Life

Torture: tous complices de Bush

Jacob Weisberg, mis à jour le 06.05.2009 à 7 h 07

Les Américains soutenaient la politique du président Bush.

Le recours à la torture sur les présumés terroristes après le 11-Septembre a d'ores et déjà sa place au Temple de la honte de l'histoire américaine, aux côtés des «Aliens and Sedition Acts» (les lois sur les étrangers et la sédition de 1798), de l'internement des Japonais pendant la seconde guerre mondiale et des excès du Maccarthisme. On dirait que même les sociétés libérales connaissent de temps en temps des spasmes d'autoritarisme. C'est ce qui se passe après de tels épisodes, quand le pays retrouve la raison, qui en dit le plus sur la nation en question. Nous avons trahi nos idéaux: comment est-ce que nous assumons?

Parmi ces taches de notre histoire, la situation actuelle rappelle surtout le confinement forcé des Nippo-Américains après Pearl Harbor. Comme pour la politique de torture de George Bush, c'est d'une panique collective consécutive à une attaque surprise qu'est née la décision de Franklin Roosevelt de déplacer plus de 100.000 personnes (la plupart étaient des citoyens américains) dans des camps isolés à l'ouest du pays. Expulser les descendants de Japonais de leur maison était à la fois une politique présidentielle et une volonté populaire.

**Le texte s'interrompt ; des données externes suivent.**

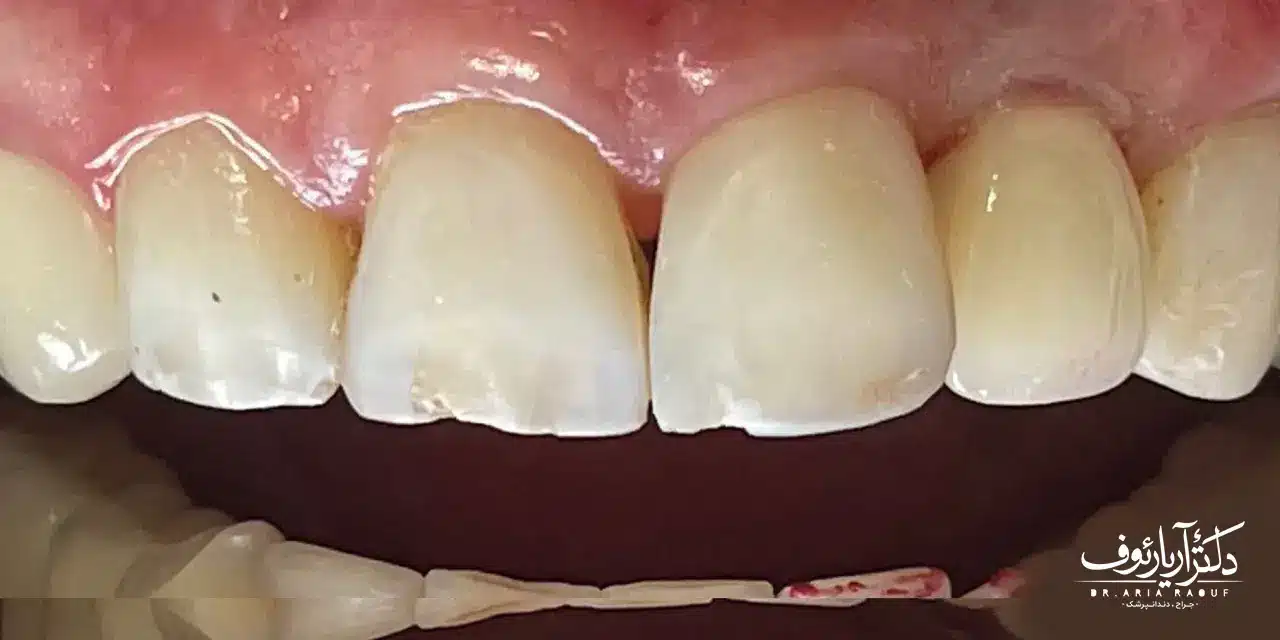 جراحی ایمپلنت دیجیتال موفق در تبریز | دکتر رئوف نتیجه دقیق و موفق کاشت دندان در تبریز با روش ایمپلنت دیجیتال توسط متخصص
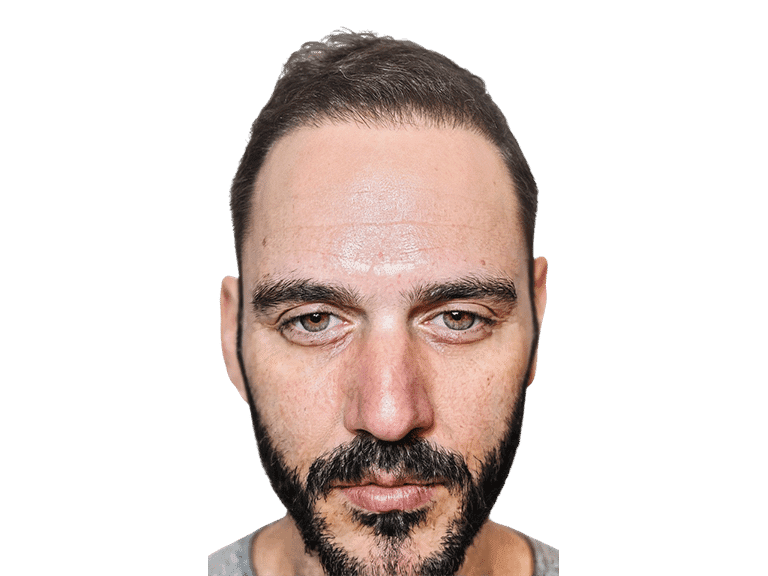 Full Face 0027 – After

L'opinion publique à l'époque a très peu contesté cette décision de Roosevelt et le Congrès a adopté une loi pour la soutenir.

Quand la menace étrangère s'est estompée, la Cour suprême a limité la portée de cette mesure; en 1945, Roosevelt l'a complètement annulée. Les détenus ont alors reçu 25$ et un ticket de bus pour rentrer à la maison. L'Amérique a compris qu'elle avait fait quelque chose de très, très mal et a décidé d'oublier. Il a fallu attendre 1983 pour qu'une commission d'enquête reconnaisse officiellement que ces détentions étaient «injustes et motivées par le racisme plutôt que par une vraie nécessité militaire».

Contrairement à l'internement des Japonais, les tortures par l'eau (les simulations de noyade) ont été décidées et menées en secret. N'empêche que là aussi, il s'agit d'une politique de l'Amérique, pas seulement de Dick Cheney. Le Congrès était au courant de ce qui se passait et n'a pas bronché. L'opinion publique aussi savait. A partir de 2003, il fallait être aveugle pour ne pas comprendre que les Etats-Unis torturaient ces combattants ennemis présumés. C'est donc une très mauvaise idée de poursuivre en justice ceux qui sont les plus directement responsables. Il ne s'agit pas seulement de déterminer qui a fait quoi dans l'administration Bush mais aussi d'assumer une vérité: nous avons été collectivement complices des décisions.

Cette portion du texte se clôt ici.